Today is what would have been Sir Charles Spencer Chaplin's, KBE, better known as Charlie Chaplin, 122 birthday. In 1903 Chaplin got a role as Billy a page boy in William Gillette's "Sherlock Holmes" starring H.A. Saintsbury, who took Chaplin under his wing and manage his talents. In 1905 Gillette came to England to debut his new play "Clarice" but it was a flop. So as a joke on the British press he instead did a one-act curtain-raiser "The Painful Predicament of Sherlock Holmes" with Charlie Chaplin as Billy the pageboy. When "Sherlock Holmes" replaced "Clarice" Chaplin was kept until the end. During this time , Gillette coached Chaplin in his restrained style. Chaplin made a tour of America from 1910-1912 ( just think 100 years ago at this time, he was in this country for the first time) courtesy of the Fred Carno troupe. When he got back to England Chaplin only stayed 5 months and the came back to the U.S.for a second tour. it was during this time that his act was seen by Mack Sennett, Fatty Arbuckle Minta Durfee and Mable Normand. Bennette, who owned Keystone Film Company, hired Chaplin. The first film " Making a Living" was considered by many not to be good. This is mainly due to Chaplin's initial difficulty adjusting to film acting, but Normand was able to confidence Bennette to give Chaplin another chance. mack Sennette didn't warm up to Chaplin at first and Chaplin believed he was going to be canned because Sennette and Normand had a fight. Instead Chaplin went onto become one of Keystone's biggest stars. Making his debut as "The Tramp" in 1914 in the movie "Kid Auto Races At Venice"
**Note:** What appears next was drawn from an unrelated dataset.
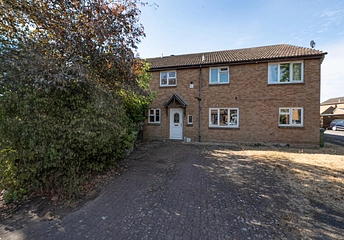 2 bedroom house for sale - Bowes Road, Thatcham, Berkshire, RG19 - Property View 1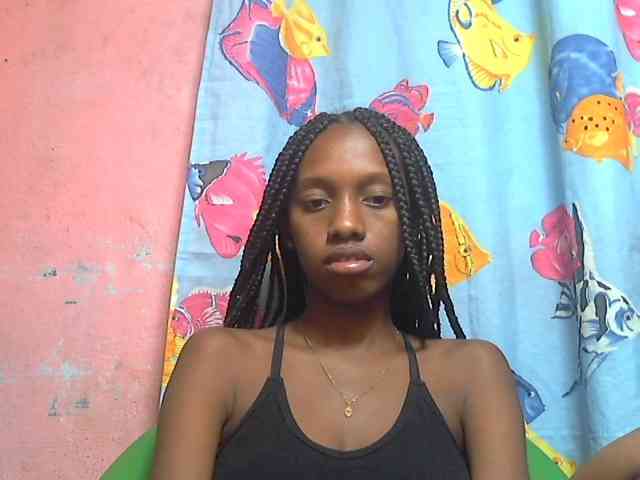 Marceliahh webcam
So this is how Charlie Chaplin started in this country in the film industry. But even though he is what I consider to be the King of the Silent Films my favorite movie he did is actually a talkie, 1940 "The Great Dictator"
This is because it points out what, at the time, American movie system not want to see... Hitler's hatred of the Jews. At the time America had a neutral relationship with Germany and didn't want to think or believe or maybe even care that anything like this was happening. But the movie became a hit with American audiences and it became Chaplin's highest grossing film. In 1997 it was selected for preservation by the National Film Registry by the Library of Congress and in 2000 it was listed at #37 on AFI's 100Years...100 Laughs list.